As for Mutawakil, what he says is worth taking seriously because he seems to be -- even now -- a key link between the leadership of the Taliban and the American military. I went back to the transcript, to be sure of what he actually said. Not a lot, it turns out, but it is enough to be suggestive: Is it a hint of a chance of a deal with the Taliban? [Click on the title for a link to the CNN site it comes from.] Here are the key statements:
MUTAWAKIL (THROUGH TRANSLATOR): The common Taliban do not believe in the peace process. They don't trust it.
LAWRENCE: (voice-over): But Mutawakil says its leadership is open to negotiation. ...
MUTAWAKIL: We are not a danger to the world. We can be flexible.
MUTAWAKIL (through translator): Only reconciling with Hekmatyar will not solve the problem. If they do not negotiate with the representative of Mullah Omar, it will be useless.
LAWRENCE: (voice-over): Mutawakil says the Taliban realize they can't turn back the clock to early 2001.
(on camera): Could they accept a government where women are granted rights, women can -- are allowed to go to school?
MUTAWAKIL (through translator): They will won't believe in co- education, but there can be separate education while wearing veils. This will be different.
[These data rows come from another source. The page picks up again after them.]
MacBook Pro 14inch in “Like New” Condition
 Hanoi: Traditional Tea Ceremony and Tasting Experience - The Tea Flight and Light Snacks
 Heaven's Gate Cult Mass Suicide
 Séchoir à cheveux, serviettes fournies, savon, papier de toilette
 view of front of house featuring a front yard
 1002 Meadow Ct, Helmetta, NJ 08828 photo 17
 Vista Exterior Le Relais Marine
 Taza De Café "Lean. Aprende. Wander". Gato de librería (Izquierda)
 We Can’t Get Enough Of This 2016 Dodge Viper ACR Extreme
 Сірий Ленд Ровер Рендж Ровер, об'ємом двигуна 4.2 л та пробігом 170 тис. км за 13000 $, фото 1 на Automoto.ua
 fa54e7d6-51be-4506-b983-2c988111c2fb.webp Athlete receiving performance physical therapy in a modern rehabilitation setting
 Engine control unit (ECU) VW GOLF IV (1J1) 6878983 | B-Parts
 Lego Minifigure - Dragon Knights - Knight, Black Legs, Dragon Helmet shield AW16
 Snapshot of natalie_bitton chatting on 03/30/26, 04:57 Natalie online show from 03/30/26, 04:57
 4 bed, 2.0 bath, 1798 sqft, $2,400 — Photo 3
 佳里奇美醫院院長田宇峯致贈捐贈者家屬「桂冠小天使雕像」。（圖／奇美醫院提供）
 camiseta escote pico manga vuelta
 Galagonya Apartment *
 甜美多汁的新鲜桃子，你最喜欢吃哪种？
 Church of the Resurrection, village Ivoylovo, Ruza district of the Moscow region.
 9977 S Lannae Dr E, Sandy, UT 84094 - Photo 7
LAWRENCE: (voice-over): He says the current Taliban leadership is more focused on driving out foreigners than Islamic crusade, but admits a lot of young Afghan fighters have been influenced by years of contact with the foreign jihadists.
MUTAWAKIL (through translator): The new generation of Taliban, the young boys who joined with them, they are different. (END VIDEOTAPE)
LAWRENCE: The mullah told me that some American diplomats have already visited him to talk about Afghanistan's future. But he says the price of any deal could be taking the bounty off the heads of some Taliban leaders or even giving them control of some provinces . . . .
This, let us hope, is a possible opening. But it is clear, as Mutawakil intimated, that Mullah Muhammad Omar does not control all of the groups that call themselves "Taliban"; indeed, Mutawakil specifically rejected any point in talking to Gulbuddin Hekmatyar, a former Mujahedin leader against the Soviets and now a leader of one of the "Taliban" factions. And he admits that many young people have come under the influence of the more extreme of the Islamists connected with the Taliban; presumably there is no negotiating for them either.
So, if it means anything it means only that some Taliban might be willing to talk.